Si sono concluse nella notte, intorno alle 00.35, le operazioni di soccorso per un incendio divampato all’interno della sezione precauzionale del carcere Nicandro Izzo di Viterbo. Il bilancio definitivo dell’emergenza è di 23 persone trasportate in ospedale per accertamenti e cure da inalazione di fumo: si tratta nello specifico di 17 detenuti e 6 agenti della polizia penitenziaria.
In base ai primi riscontri, il rogo sarebbe di origine dolosa e potrebbe essere stato appiccato da alcuni reclusi. Sul caso sono attualmente in corso gli accertamenti delle forze dell’ordine per ricostruire l’esatta dinamica e accertare le responsabilità.
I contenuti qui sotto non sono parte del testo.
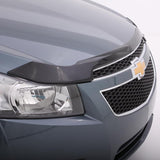 AVS 06-11 Toyota RAV4 Aeroskin Low Profile Acrylic Hood Shield - Smoke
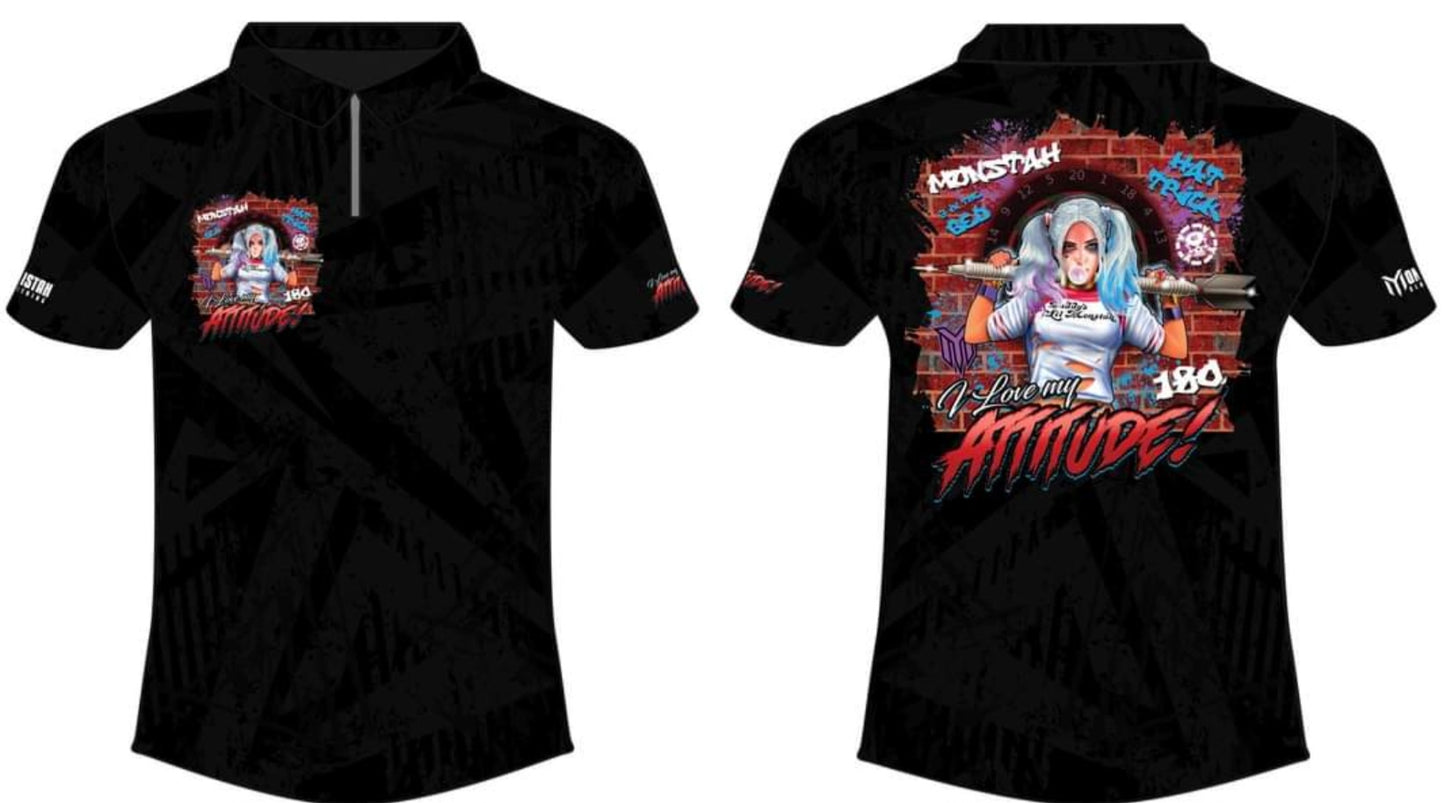 Love my Attitude jersey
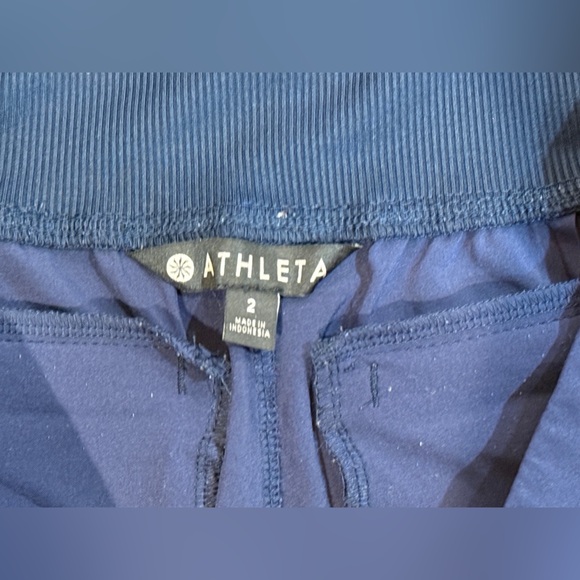 Women’s ATHLETA Brooklyn Mid Rise Ankle Pant- Navy. Size 2 - Picture 5 of 15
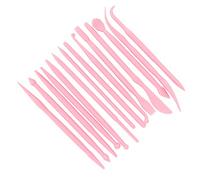 Marhynchus Herramientas Shaper de Cerámica Compacta en el Sonido -ton para Modelar Pasteles Derritiendo Herramientas Manuales para Artistas (PINK)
Le fiamme hanno generato una densa coltre di fumo che ha saturato rapidamente diversi locali, compresa l’infermeria, rendendo necessaria l’immediata evacuazione dell’intera sezione. L’Ares 118 ha messo in campo un imponente dispositivo di soccorso, inviando due automediche, quattro ambulanze avanzate e attivando il Nucleo maxi emergenze con l’allestimento del posto medico avanzato di Orte.
Tra i feriti, un detenuto in condizioni più gravi è stato trasferito in codice rosso all’ospedale Santa Rosa di Viterbo, dove sono stati ricoverati in codice giallo altri sei reclusi. Gli altri coinvolti hanno riportato sintomi lievi o sono stati assistiti sul posto prima del trasferimento. Terminata l’emergenza, i mezzi di soccorso sono rientrati.